> _Task brief_
Could you copy exactly the lines from the one containing "Dorman - 84895" through the last line of the records, leaving out every picture?

[Opening Material for this exercise section]

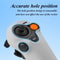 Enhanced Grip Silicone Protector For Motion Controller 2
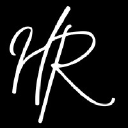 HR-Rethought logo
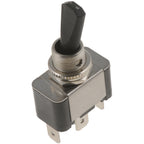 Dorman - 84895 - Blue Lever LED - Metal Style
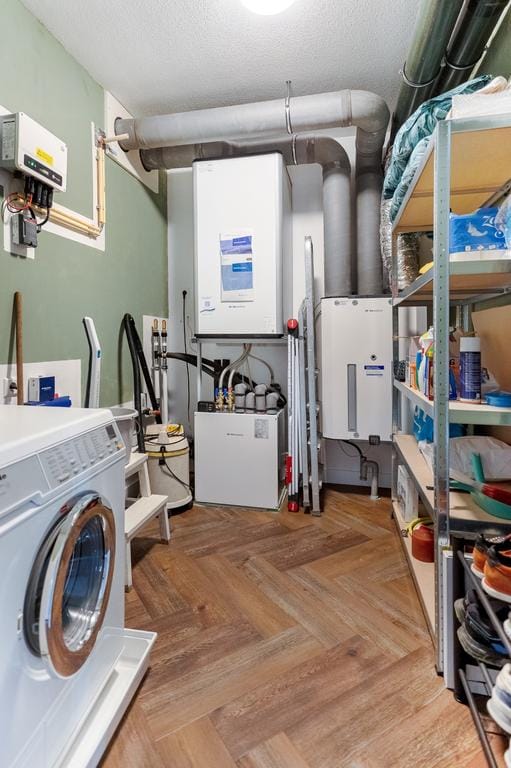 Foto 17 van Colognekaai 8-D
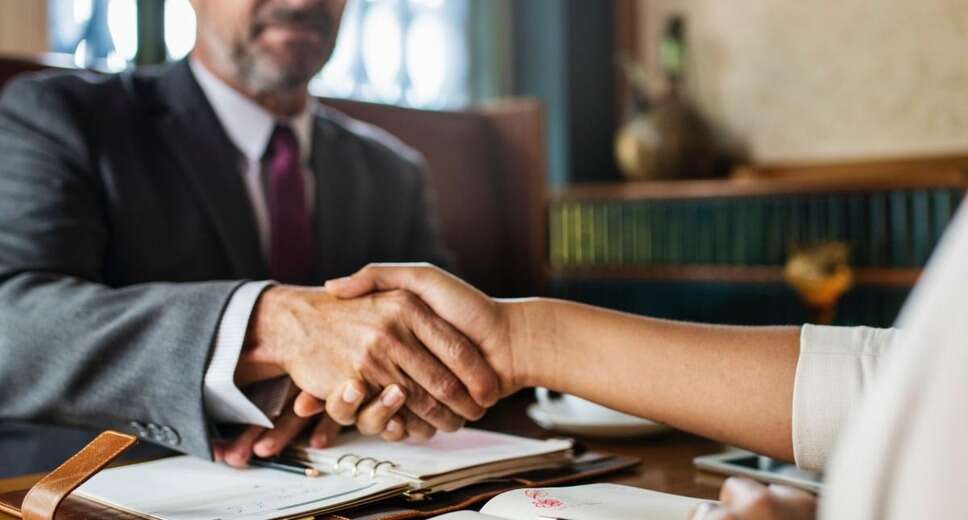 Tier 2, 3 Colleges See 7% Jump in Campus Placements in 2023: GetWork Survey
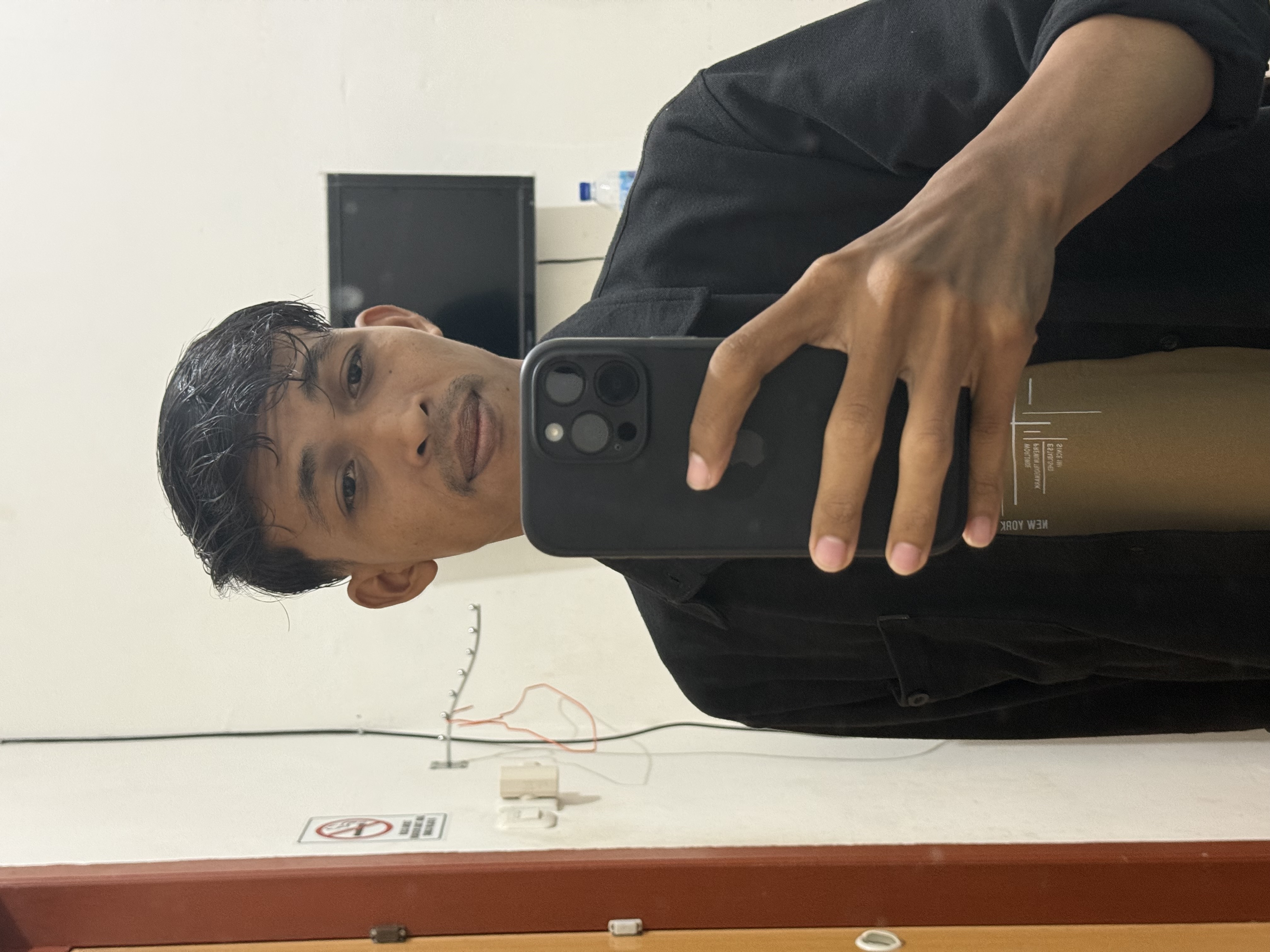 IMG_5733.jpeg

[Closing Material for this exercise section]

> _Written solution_
 Dorman - 84895 - Blue Lever LED - Metal Style
 Foto 17 van Colognekaai 8-D
 Tier 2, 3 Colleges See 7% Jump in Campus Placements in 2023: GetWork Survey
 IMG_5733.jpeg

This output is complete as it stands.